Saturday, December 4, 2010

Goblins, Canyons and Cannonballs

Driving across the middle of the continent is never something you really look forward to. Although I'm a big fan of the wide open expanses of the prairies, it still kind of sucks when they stand between you and your next climbing destination. Whenever we make the journey, we try to find interesting things to see or do on the way to break up the long driving days. Getting from Saint George, Utah to Horse Pens 40 in Alabama took us a leisurely 4 days.

Our first stop was Goblin Valley state park in Utah.

It's a really cool valley full of crazy rock formations.

We spent a morning feeling like little kids running around and climbing them.

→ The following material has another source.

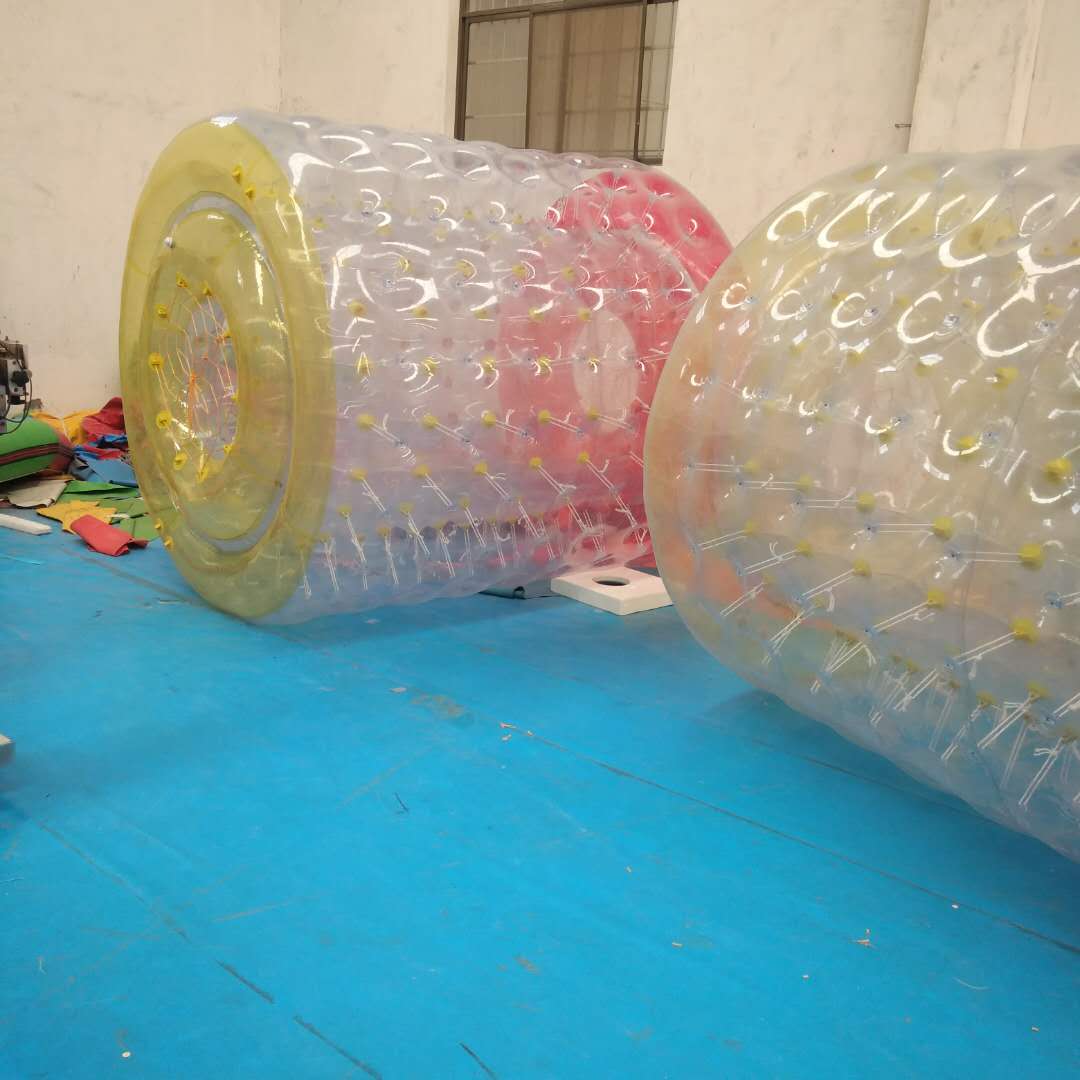 郑州新款充气水池配套水上滚筒PVC彩色水上步行球厂家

We also made our first foray into canyoneering that day. When I first suggested hiking a slot canyon to Kristal she looked at me a little skeptically. It probably didn't help that my description went something like: 'It's like going for a hike and doing some rappelling'. You see, hiking is something we do to get to a climb and rappelling is something we do to get off of a climb. Why we would do the former and latter without actually doing any climbing seemed a little silly. But after some discussion and internet searching it looked like hiking through a slot canyon might be pretty fun.

We hiked the Little Wild Horse Canyon trail, conveniently located Just outside of Gobling Valley. Thankfully Little Wild Horse Canyon is about as technically easy as slot canyons come, rated a mere 1A II on the Canyon Rating System, which means no rappelling and very little in the way of technical obstacles. It's amazing how enjoyable a hike can be when you aren't hauling a full pack of climbing gear and gaining 1500 ft of elevation. It was a super cool hike, the canyon becoming barely wide enough to pass in some sections, weaving through crazy water worn sandstone in others, and involving some fun easy scrambling. Unfortunately my camera battery died so we didn't get any pictures, but there are plenty online.

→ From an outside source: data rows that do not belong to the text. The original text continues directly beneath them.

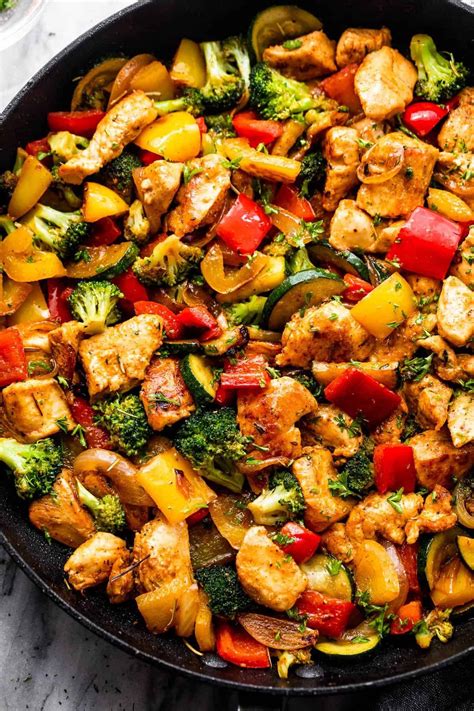 One-Pot Chicken and Vegetables Skillet - A Tasty Low Carb Dinner ...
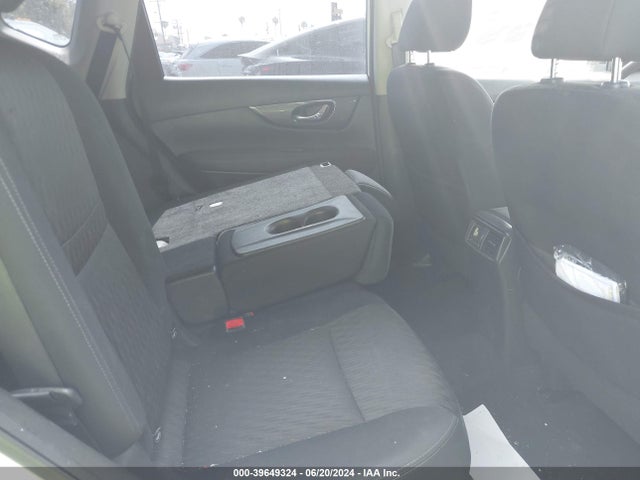 Nissan ROGUE S 2017 KNMAT2MT1HP547809 Image 8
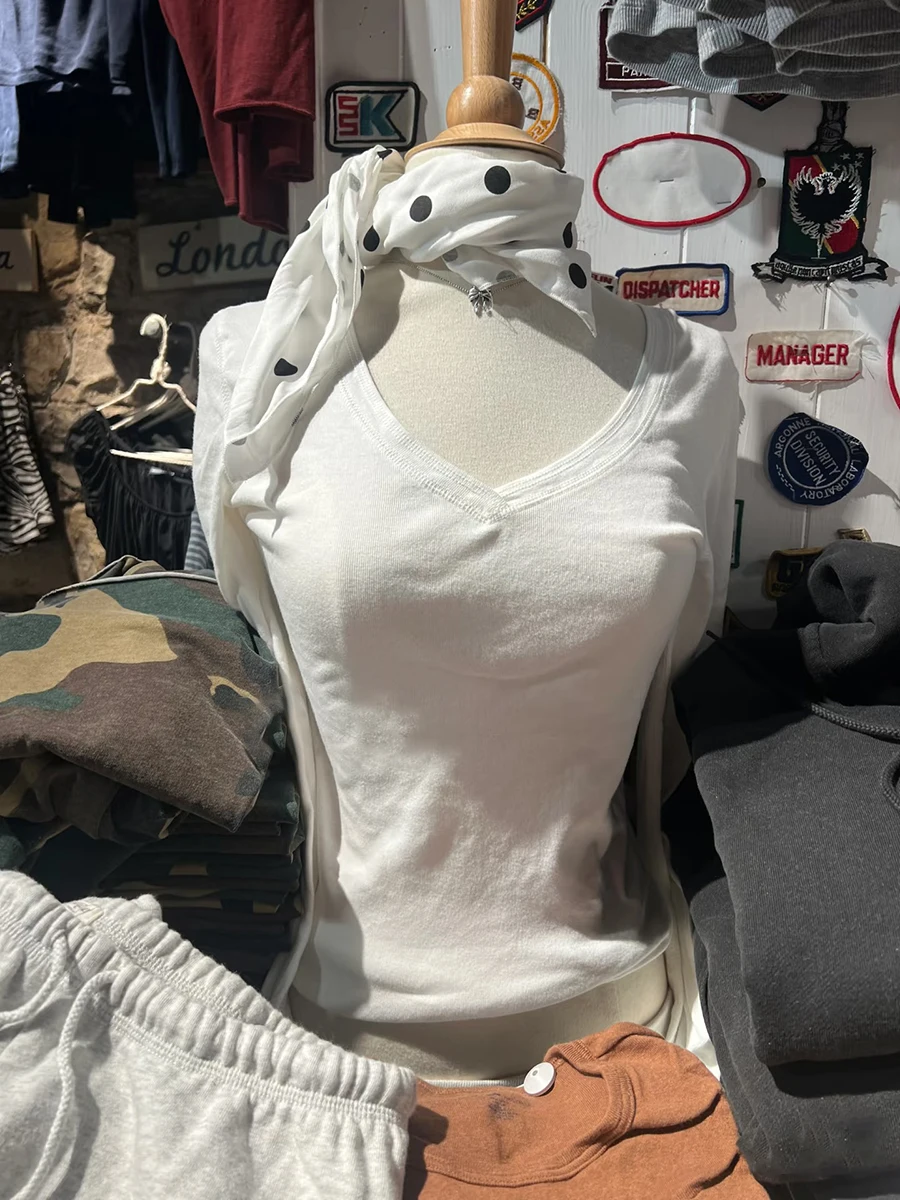 

Новая белая хлопковая футболка с длинным рукавом, женская весна 2026, тонкие футболки в рубчик с v-образным вырезом, женские винтажные однотонные простые базовые футболки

In Kansas we took a short detour off the interstate to visit what is probably the only climbing 'destination' in the state. Rock City is a collection of unique sandstone balls in a landscape that is otherwise barren of any climbable rock.

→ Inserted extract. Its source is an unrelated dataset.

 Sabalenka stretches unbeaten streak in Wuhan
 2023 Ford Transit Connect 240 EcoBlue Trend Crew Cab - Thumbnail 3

Though there isn't really much in the way of hard problems, there are some really fun easy ones, making it a great place to stretch your legs during a long drive. We only spent an hour bouldering there, but could have easily stayed longer it not been so cold.

The rest of the drive was largely uneventful, though I was excited to get a glimpse of the St. Louis arch as we drove past.

We rolled into Horse Pens late in the evening. We were thankful to have the long drive behind us and a few days of bomber climbing conditions ahead of us.